Senin, 10 November 2025

Ledakan di Jakarta Utara

Ledakan di SMAN 72 Jakarta Tindakan Ekstremisme Kekerasan, Tak Ada Toleransi terhadap Perundungan

Peristiwa di SMAN 72 Jakarta merupakan alarm peringatan bahwa kesiapsiagaan dan langkah prevensi mesti selalu dilakukan.

Editor: Dewi Agustina
Fahdi Fahlevi
LEDAKAN SMAN 72 - Ratusan siswa mendatangi SMAN 72 Jakarta, Kelapa Gading, Jakarta Utara, pada Sabtu (8/11/2025) sore. Setara Institute menilai peristiwa ledakan di Masjid SMAN 72 Jakarta pada Jumat (7/11/2025) merupakan tindakan ekstremisme kekerasan.  
Ringkasan Berita:
  • Setara Institute menilai peristiwa ledakan di Masjid SMAN 72 Jakarta merupakan tindakan ekstremisme kekerasan
  • Peristiwa itu merupakan alarm peringatan bahwa kesiapsiagaan dan langkah prevensi harus selalu dilakukan
  • Permasalahan ekstremisme berbasis kekerasan di usia dini masih lah besar dalam tata kebinekaan Indonesia 


TRIBUNNEWS.COM, JAKARTA - Setara Institute menilai peristiwa ledakan di Masjid SMAN 72 Jakarta pada Jumat (7/11/2025) merupakan tindakan ekstremisme kekerasan. 

SETARA Institute adalah lembaga riset dan advokasi independen di Indonesia yang berfokus pada hak asasi manusia (HAM), demokrasi, dan pluralisme--terutama dalam isu kebebasan beragama dan berkeyakinan (KBB), toleransi sosial, serta kesetaraan warga negara di depan hukum.

Insiden ledakan terjadi di lingkungan sekolah SMA Negeri 72 Jakarta, Kelapa Gading, Jakarta Utara, Jumat (7/11/2025) sekitar pukul 12.05 WIB.

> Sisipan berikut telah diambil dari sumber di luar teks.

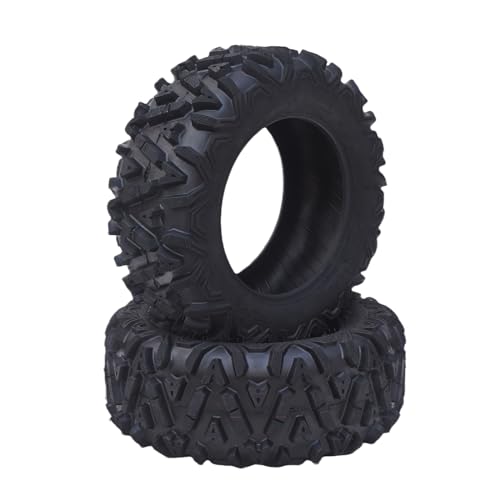 23x8-11 ATV/UTV Tires Sand Off-Road Tires 23x8-11, All Terrain 20mm Tread Depth 23x8x11, 6 PR,Set of 2 ATV Tires, Tubeless - size: AT23x8-11-6PR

Baca juga: Pelajaran dari Ledakan di SMAN 72 Jakarta: Keluarga dan Sekolah Harus Lebih Peka

Diduga ledakan tersebut dipicu bahan peledak yang dibawa seorang siswa di sekolah tersebut.

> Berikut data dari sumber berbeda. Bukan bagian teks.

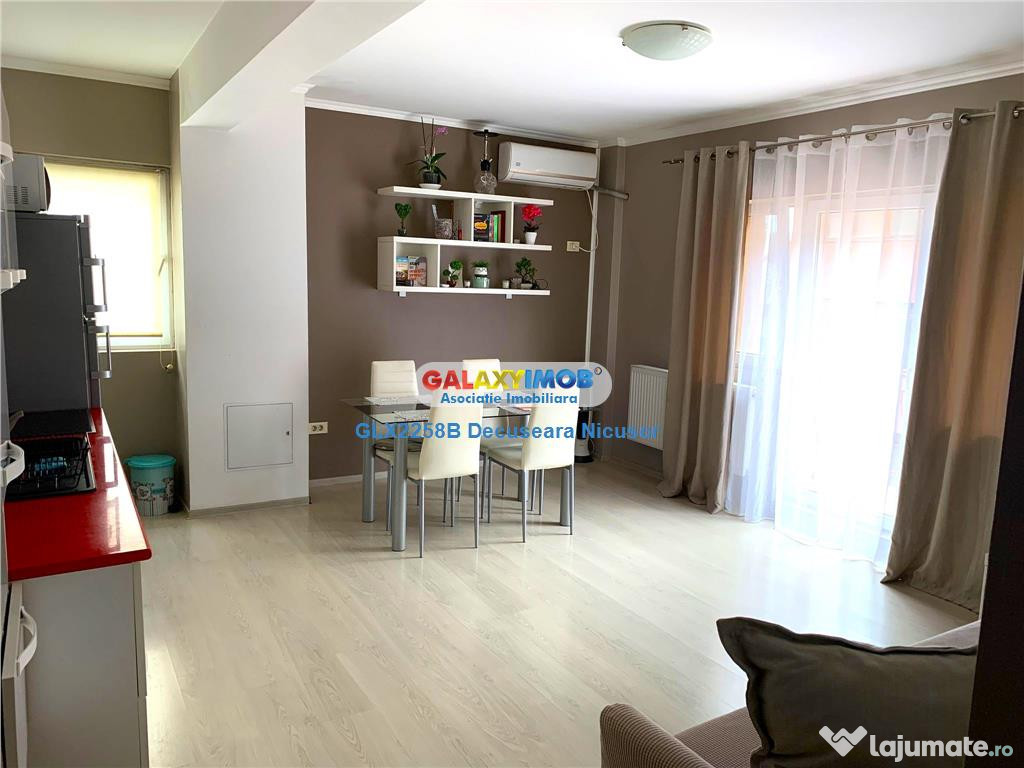 Apartament 2 camere, Militari Residence, Mobilat, 57 mpu, 68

Menurut Halili Hasan, Direktur Eksekutif SETARA Institute, sebelum tragedi tersebut, dalam tiga tahun terakhir, tidak terjadi satu pun serangan teroris di Indonesia (zero terrorist attack). 

Namun, peristiwa di SMAN 72 Jakarta merupakan alarm peringatan bahwa kesiapsiagaan dan langkah prevensi mesti selalu dilakukan guna menghindari terjadinya keberulangan dan mencegah ekstremisme berbasis kekerasan. 

 

 

Terkait kejadian ini SETARA Institute menyampaikan beberapa pernyataan:

1. Tragedi di SMA 72 Jakarta ini mesti dicatat sebagai peringatan bahwa permasalahan ekstremisme berbasis kekerasan di usia dini masih lah besar dalam tata kebinekaan Indonesia. 

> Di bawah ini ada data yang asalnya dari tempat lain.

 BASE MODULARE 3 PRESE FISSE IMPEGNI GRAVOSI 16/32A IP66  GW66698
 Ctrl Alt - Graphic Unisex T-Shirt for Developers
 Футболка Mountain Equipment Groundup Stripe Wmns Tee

Nama-nama teroris dunia yaitu “Brenton Tarrant” pelaku teror di Selandia Baru dan “Alexandre Bissonnette” pelaku teror di Kanada, serta narasi “Welcome to Hell” di senapan mainan yang diduga milik terduga pelaku merupakan penegas bahwa tragedi tersebut bukanlah peristiwa kriminal biasa, namun patut diduga mengarah pada terorisme.

2.    Tragedi tersebut menegaskan bahwa seluruh pihak mesti bekerjasama dan terlibat dalam agenda mencegah dan menangani kompleksitas eksremisme kekerasan. 

Derasnya arus informasi dan kemajuan teknologi melipatgandakan kompleksitas persoalan pencegahan dan penanganan keterpaparan, terutama di kalangan generasi muda. 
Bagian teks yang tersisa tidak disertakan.